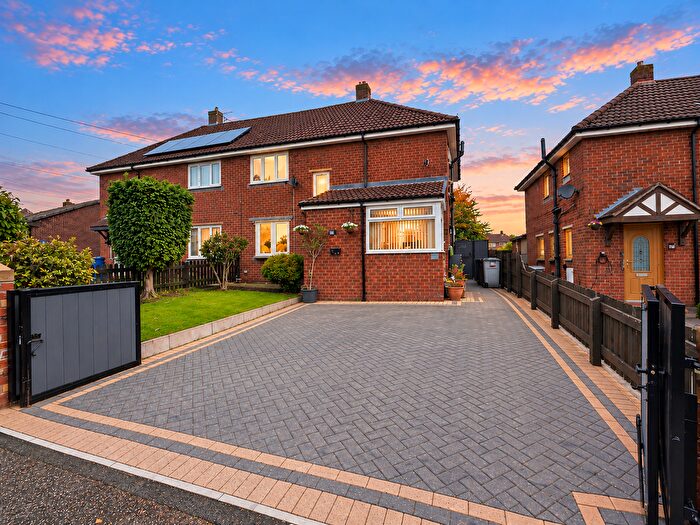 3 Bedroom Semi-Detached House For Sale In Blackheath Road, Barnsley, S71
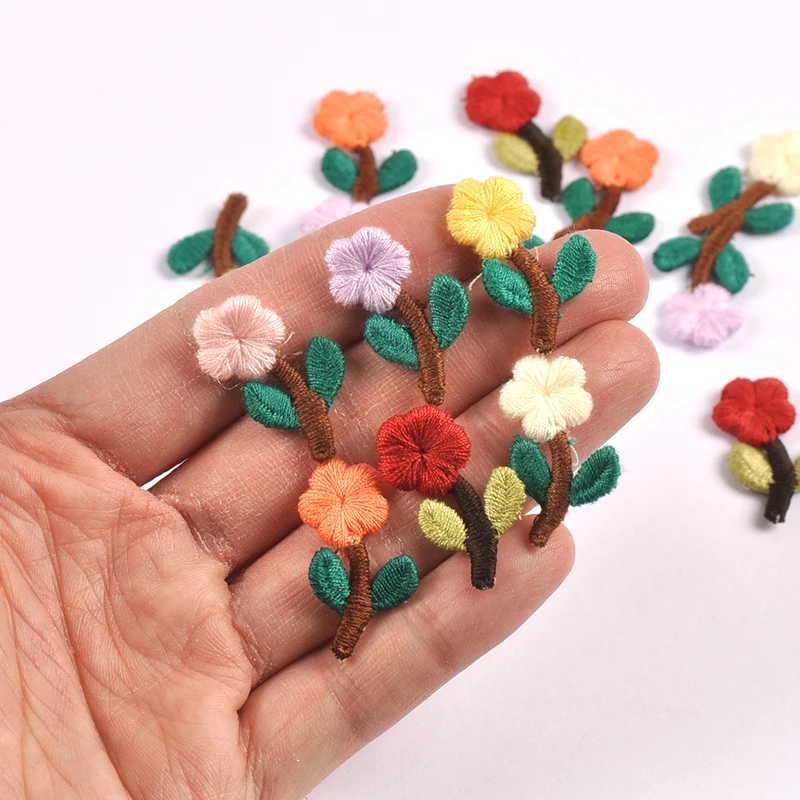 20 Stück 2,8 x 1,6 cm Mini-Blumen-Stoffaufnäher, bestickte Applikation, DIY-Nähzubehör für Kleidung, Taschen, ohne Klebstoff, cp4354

---

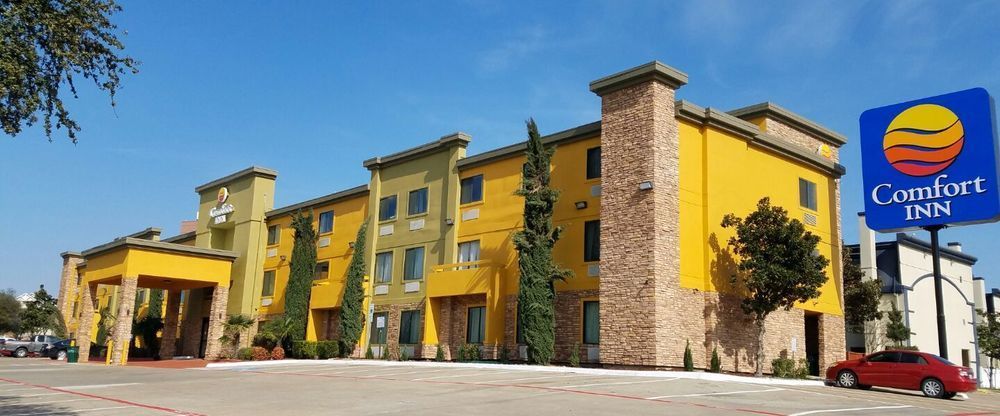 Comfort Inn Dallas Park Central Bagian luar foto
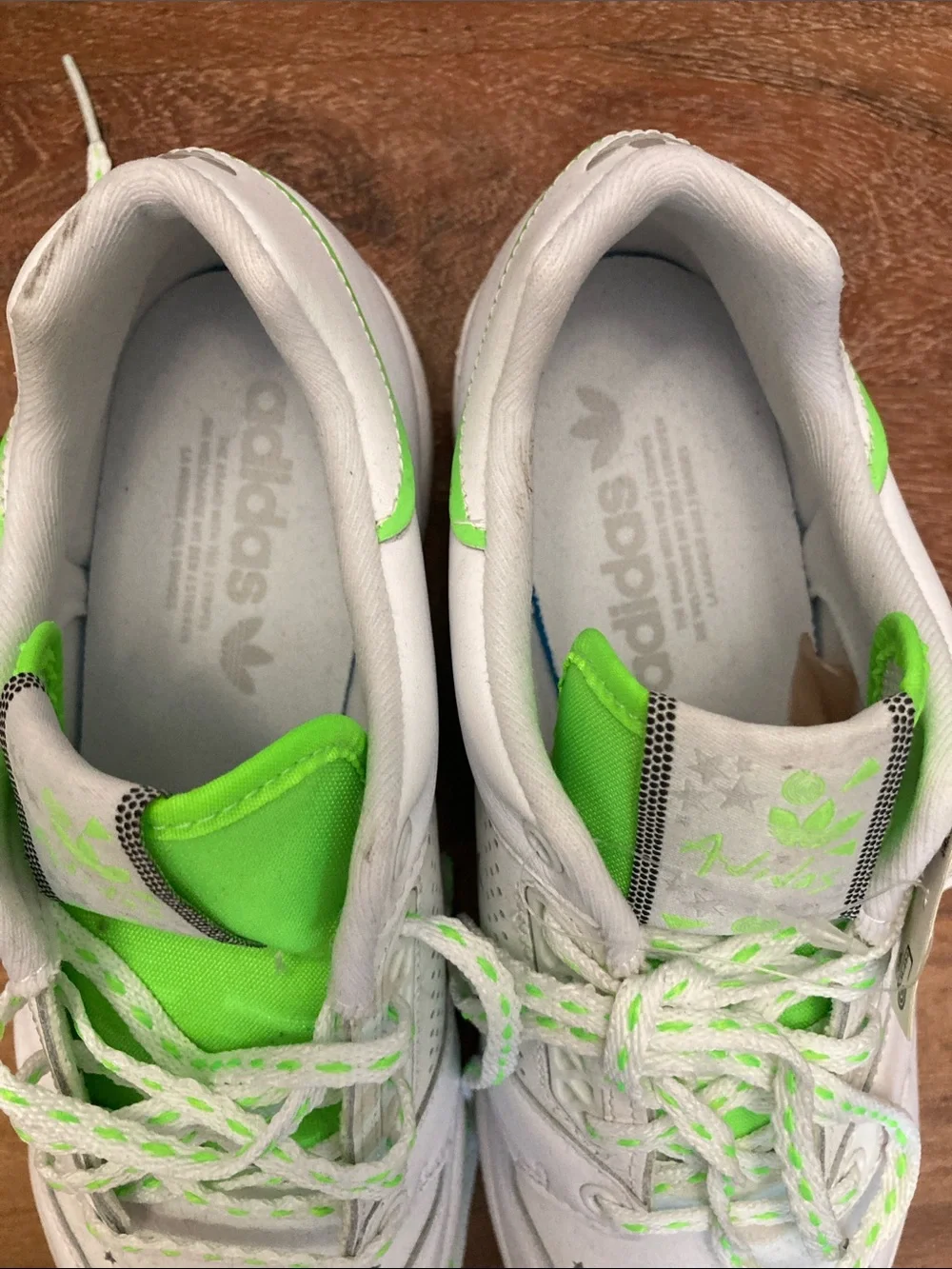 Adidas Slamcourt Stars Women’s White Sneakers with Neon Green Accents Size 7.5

Brief:
Between and including the line above that contains "Comfort Inn Dallas" and the line that contains "Adidas Slamcourt Stars", restate every line word for word. Pictures stay out.

Result for this task:
 Comfort Inn Dallas Park Central Bagian luar foto
 Adidas Slamcourt Stars Women’s White Sneakers with Neon Green Accents Size 7.5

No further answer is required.